The Woodruff-Fontaine House Museum offers evening ghost tours a few times a month; if you're determined to see a spirit - or at least hear a few really great ghost stories - be sure to reserve a ticket!
The Hunt Phelan Home is a mansion that was used as both a Confederate and Union military headquarters during the Civil War. It was also a home for soldiers and served as a hospital at one point. Later, it was used as housing for teachers who came to Memphis to educate newly-freed former slaves. It was eventually turned back into a private residence. The Hunt family lovingly restored the damage done to the home during the war. It was then bought by Stephan Rice Phelan, who became so obsessed with researching the home's history and his own eccentricities that the building again fell into disrepair. It was later rehabilitated and turned into an inn. Presently, the home is a popular event space for rent.
The most common apparition spotted on the property is a male servant dressed in 19th century garb. Some sense that this ghost is trying to show the living where former residents hid away treasure in an attempt to keep their fortune out of military hands during the Civil War.

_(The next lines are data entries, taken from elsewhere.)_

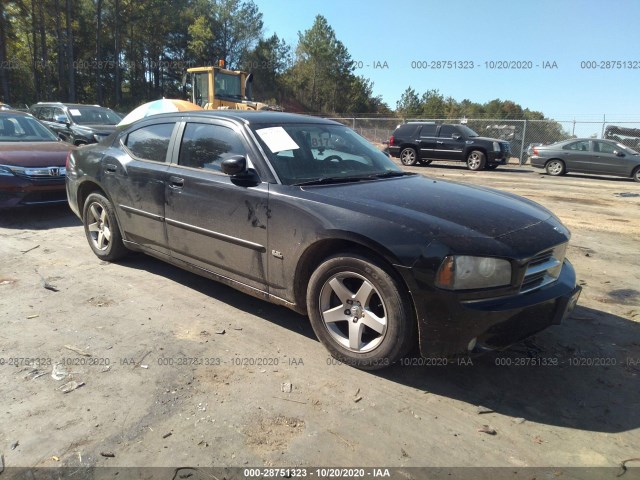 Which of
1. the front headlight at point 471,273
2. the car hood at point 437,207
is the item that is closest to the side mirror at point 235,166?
the car hood at point 437,207

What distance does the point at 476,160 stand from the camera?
57.8 ft

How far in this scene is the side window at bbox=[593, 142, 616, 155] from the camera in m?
15.9

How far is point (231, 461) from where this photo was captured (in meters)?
2.27

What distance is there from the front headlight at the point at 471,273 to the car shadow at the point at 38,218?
616cm

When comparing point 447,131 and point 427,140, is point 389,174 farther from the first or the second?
point 447,131

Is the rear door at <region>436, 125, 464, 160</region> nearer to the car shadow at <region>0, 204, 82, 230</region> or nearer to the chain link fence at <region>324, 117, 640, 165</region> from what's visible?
the chain link fence at <region>324, 117, 640, 165</region>

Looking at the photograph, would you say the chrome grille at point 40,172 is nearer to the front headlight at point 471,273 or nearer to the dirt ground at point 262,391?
the dirt ground at point 262,391

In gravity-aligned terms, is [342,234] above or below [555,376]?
above

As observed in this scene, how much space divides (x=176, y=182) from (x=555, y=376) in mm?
3262

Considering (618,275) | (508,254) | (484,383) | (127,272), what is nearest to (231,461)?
(484,383)

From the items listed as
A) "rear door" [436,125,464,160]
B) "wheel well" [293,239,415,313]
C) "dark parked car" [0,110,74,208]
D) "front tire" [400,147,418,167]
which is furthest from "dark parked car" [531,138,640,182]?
"wheel well" [293,239,415,313]

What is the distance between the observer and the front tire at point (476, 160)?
17.5 metres

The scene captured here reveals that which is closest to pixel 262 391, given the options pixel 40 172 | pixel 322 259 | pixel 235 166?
pixel 322 259

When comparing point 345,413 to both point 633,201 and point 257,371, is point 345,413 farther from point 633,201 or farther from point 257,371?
point 633,201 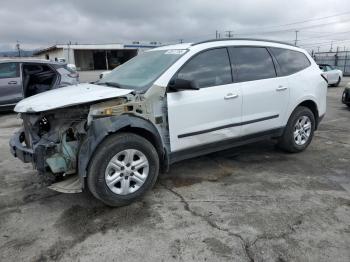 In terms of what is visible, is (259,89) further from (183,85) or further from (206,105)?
(183,85)

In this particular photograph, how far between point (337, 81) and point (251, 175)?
1673cm

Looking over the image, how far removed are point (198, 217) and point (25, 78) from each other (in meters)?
7.48

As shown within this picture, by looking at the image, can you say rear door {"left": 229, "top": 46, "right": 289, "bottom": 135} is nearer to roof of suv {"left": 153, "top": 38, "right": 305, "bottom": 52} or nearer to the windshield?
roof of suv {"left": 153, "top": 38, "right": 305, "bottom": 52}

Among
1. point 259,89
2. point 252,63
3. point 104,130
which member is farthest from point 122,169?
point 252,63

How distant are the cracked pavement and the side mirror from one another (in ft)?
4.17

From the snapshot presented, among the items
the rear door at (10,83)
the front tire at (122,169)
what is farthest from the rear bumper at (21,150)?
the rear door at (10,83)

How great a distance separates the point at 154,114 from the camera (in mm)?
3596

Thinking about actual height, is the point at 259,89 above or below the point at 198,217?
above

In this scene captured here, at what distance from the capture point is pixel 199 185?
411 cm

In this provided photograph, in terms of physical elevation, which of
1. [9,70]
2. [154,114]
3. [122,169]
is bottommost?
[122,169]

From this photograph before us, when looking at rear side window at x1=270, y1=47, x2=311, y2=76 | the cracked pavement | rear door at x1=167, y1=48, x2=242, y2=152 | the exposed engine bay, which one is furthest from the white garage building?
the exposed engine bay

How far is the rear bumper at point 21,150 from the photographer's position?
342 cm

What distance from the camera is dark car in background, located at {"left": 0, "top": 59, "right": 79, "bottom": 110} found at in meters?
8.78

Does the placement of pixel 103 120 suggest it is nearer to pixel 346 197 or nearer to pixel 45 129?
pixel 45 129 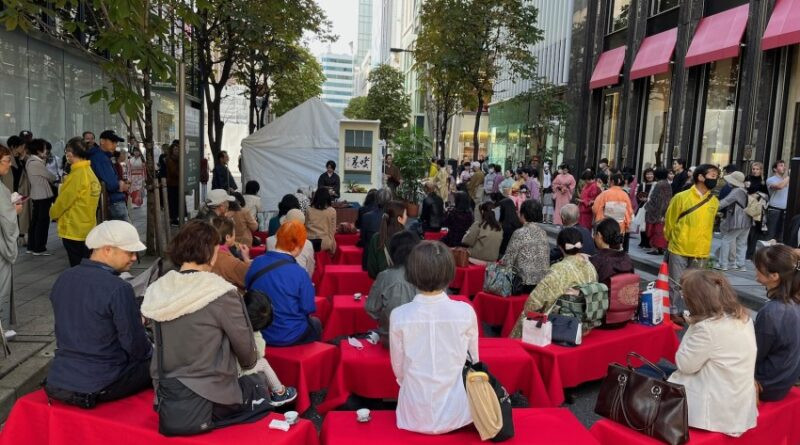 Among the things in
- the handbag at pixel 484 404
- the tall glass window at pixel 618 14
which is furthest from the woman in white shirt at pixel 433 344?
the tall glass window at pixel 618 14

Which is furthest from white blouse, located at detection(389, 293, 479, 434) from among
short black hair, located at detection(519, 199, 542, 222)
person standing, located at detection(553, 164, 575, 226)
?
person standing, located at detection(553, 164, 575, 226)

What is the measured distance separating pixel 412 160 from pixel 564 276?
37.4 feet

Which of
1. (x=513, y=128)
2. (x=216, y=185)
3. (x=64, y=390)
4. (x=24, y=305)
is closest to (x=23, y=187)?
(x=24, y=305)

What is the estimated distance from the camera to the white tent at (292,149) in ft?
55.2

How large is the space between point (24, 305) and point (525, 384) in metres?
5.58

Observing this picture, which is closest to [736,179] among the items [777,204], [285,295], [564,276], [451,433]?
[777,204]

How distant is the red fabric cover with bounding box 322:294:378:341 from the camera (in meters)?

Memphis' beloved Orpheum Theatre was built in 1928, but its history actually begins with the Grand Opera House. The Opera House was built on the same site in 1890 but burned down in the early 1920s. It was replaced with the Orpheum, which became a popular spot to watch vaudeville performances and, later, touring Broadway productions. Performers and guests often report mysterious happenings that many claim to be the result of paranormal entities. One of the most commonly spotted ghosts is Mary, a 12-year-old girl who was possibly hit by a trolley outside the theater and brought inside where she died. Flickering lights, slamming doors, cold spots and weird figures that look strangely like a young girl are not unusual experiences at the Orpheum. It still remains a beautiful old theater and is a fantastic place to catch a show.
The National Ornamental Metal Museum contains stunning displays of metalsmithing and metal art... and a few ghosts, too. The buildings that now house the exhibits were once part of a Marine hospital complex dating back to the 19th century. The actual hospital building is still abandoned, but the nurses’, officers’ and doctors’ quarters (which contained the morgue) all are open today. Frequent reports of weird voices, ghostly apparitions, and a strange, uncomfortable feeling of being watched make this a definite paranormal hotspot.
But, of course, the most famous ghost in Memphis is the King of rock ‘n’ roll himself: Elvis Presley. Presley’s beloved Graceland is allegedly still haunted by his spirit – not too surprising since he died and is now buried here. Add in the fact that the decor and furniture haven't been changed since Elvis lived in the Graceland mansion and it makes sense that his spirit is still present. Elvis has been spotted in the room where his jumpsuits are on display, while others claim to hear his singing coming from the second floor (which is closed to visitors). The whole place has a very intimate and personal vibe, so don't be shocked if you feel his energy on the property, especially in the meditation garden.
Whether you're looking for a paranormal encounter or just a few scary stories to thrill you while on your visit, Memphis has loads of ghostly tales. But, with so much history and an abundance of soul, don't be surprised to hear a special song on the Earnestine and Hazel's jukebox or see Elvis casually wandering the halls of his home sweet home!